TCMO Bureau: How is Sigma Computing helping enterprises to make more informed decisions around marketing?

Cristina Bravo Olmo: As I mentioned, marketers have been cobbling together data for years to improve strategies and illustrate results. What we’ve been missing is a way to aggregate all of our data into a single dashboard to get a 360-degree view into our marketing program and then analyze that data ourselves. We need to be able to dig into data, do our own exploration, and apply our expertise to the process.

Sigma finally makes all that possible. With Sigma, marketers can aggregate data from a variety of sources and analyze it together to easily spot trends, patterns, and correlations others miss. I truly believe a single insight has the power to transform a business. We recently made templates specifically for marketing teams to help jump-start analysis and get to insights faster. Our new templates include a Customer Data Repository, customer dashboard, and reporting for ad spend on Facebook and Google Ads. These templates make it easy for marketers to take advantage of all their data quickly and get a complete picture of the customer journey at last.

Also Read: What is Next for E-Commerce and Digital Retail?

TCMO Bureau: How are Sigma’s Analytics and BI tools different from other legacy tools?

Cristina Bravo Olmo: Our founders saw the gap in the market and were inspired to create something that would allow the average employee to harness the power of data via the cloud. The Sigma interface doesn’t require any coding knowledge, and it was inspired by the ubiquitous spreadsheet that we were all raised on.

Our mission is to deliver an analytics and business intelligence solution that makes it easy for anyone, regardless of technical ability, to analyze real-time data, discover new insights, and make the best decisions possible in each moment. When marketers, finance leaders, sales ops managers, or anyone who relies on data to do their jobs really are able to apply their expertise to A&BI and work alongside the data team and analysts, the process becomes collaborative and community-driven.
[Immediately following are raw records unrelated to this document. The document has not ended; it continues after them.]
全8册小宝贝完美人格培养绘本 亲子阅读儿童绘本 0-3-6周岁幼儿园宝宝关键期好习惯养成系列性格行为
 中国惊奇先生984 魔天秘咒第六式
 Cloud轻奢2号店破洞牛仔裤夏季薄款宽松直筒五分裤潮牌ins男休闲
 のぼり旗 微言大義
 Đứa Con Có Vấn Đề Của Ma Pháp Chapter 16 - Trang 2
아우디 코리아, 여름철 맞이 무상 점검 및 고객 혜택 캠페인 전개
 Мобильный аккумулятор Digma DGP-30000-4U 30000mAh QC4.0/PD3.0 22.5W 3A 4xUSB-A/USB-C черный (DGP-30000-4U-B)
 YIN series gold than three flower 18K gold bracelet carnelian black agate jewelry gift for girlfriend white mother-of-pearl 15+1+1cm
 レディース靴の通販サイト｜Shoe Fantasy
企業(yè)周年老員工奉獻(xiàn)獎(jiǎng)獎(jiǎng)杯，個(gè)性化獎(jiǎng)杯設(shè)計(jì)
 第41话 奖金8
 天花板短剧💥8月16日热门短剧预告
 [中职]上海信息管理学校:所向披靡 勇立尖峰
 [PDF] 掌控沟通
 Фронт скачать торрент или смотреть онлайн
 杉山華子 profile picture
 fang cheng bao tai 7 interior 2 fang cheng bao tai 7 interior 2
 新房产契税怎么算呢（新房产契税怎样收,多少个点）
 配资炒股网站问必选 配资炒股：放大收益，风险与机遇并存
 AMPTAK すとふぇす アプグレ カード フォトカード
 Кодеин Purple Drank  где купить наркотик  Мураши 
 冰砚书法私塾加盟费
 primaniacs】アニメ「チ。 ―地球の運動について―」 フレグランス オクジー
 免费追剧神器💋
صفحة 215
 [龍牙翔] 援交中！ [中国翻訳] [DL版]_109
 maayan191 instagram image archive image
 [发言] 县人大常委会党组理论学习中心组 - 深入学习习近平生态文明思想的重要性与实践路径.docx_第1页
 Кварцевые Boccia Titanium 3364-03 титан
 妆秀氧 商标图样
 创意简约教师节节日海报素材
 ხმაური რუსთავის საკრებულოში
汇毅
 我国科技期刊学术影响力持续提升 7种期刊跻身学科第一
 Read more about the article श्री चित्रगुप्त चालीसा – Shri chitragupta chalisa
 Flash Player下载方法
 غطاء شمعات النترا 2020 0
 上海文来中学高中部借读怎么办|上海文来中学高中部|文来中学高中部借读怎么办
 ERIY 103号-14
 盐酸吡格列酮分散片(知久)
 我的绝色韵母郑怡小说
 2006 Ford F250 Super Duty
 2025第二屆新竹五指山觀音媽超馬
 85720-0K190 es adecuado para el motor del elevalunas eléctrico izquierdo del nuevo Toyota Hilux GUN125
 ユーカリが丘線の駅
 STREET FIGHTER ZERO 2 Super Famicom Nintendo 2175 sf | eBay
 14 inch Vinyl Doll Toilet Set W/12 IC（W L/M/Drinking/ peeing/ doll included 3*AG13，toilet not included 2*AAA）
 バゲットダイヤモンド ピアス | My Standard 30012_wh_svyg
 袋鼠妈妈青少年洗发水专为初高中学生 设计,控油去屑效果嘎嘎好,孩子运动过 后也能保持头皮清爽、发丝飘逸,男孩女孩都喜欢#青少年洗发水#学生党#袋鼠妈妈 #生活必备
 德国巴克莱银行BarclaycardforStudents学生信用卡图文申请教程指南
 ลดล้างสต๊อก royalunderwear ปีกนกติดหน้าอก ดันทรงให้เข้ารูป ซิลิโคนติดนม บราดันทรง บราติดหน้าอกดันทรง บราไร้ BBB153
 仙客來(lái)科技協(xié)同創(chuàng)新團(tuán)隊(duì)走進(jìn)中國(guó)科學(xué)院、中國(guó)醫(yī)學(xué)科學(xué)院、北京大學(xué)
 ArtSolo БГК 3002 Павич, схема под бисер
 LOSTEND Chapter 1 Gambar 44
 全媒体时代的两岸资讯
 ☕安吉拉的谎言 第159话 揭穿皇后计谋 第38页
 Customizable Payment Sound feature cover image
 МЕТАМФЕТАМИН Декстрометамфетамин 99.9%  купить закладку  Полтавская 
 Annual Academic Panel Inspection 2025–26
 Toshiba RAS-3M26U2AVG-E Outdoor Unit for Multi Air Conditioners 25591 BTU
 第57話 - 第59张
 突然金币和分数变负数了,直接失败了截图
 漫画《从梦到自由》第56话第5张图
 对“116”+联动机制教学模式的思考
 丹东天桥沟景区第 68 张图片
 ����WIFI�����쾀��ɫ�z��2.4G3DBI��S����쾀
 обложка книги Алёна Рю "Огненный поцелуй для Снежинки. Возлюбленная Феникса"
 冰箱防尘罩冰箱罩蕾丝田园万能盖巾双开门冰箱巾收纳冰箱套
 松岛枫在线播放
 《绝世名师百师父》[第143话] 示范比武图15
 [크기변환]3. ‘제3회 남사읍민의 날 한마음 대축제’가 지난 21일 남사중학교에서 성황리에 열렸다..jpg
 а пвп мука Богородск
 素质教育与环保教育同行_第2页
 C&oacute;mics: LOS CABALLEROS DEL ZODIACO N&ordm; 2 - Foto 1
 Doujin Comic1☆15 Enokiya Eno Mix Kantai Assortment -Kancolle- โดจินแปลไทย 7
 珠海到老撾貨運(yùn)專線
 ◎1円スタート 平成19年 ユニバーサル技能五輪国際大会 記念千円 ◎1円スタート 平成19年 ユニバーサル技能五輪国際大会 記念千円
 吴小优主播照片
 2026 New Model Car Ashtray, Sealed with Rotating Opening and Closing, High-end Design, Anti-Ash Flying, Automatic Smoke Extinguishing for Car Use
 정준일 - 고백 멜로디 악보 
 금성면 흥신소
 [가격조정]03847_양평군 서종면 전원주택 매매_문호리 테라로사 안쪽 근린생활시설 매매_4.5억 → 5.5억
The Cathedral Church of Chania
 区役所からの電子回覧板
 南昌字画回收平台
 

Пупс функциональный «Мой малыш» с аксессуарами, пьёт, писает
Data teams are then free to focus their time on more complex, innovative, and fulfilling initiatives that fuel innovation, drive progress, and accelerate success; however, you choose to define it.

Cristina is the Vice President of Marketing at Sigma Computing.  Prior to joining Sigma, Bravo Olmo was the Vice President of Marketing at Wrike and Director of Global Enterprise Marketing at Zendesk, where she was a key member of the IPO team. Bravo Olmo earned a Bachelor of Arts degree in Sociology from Michigan State University.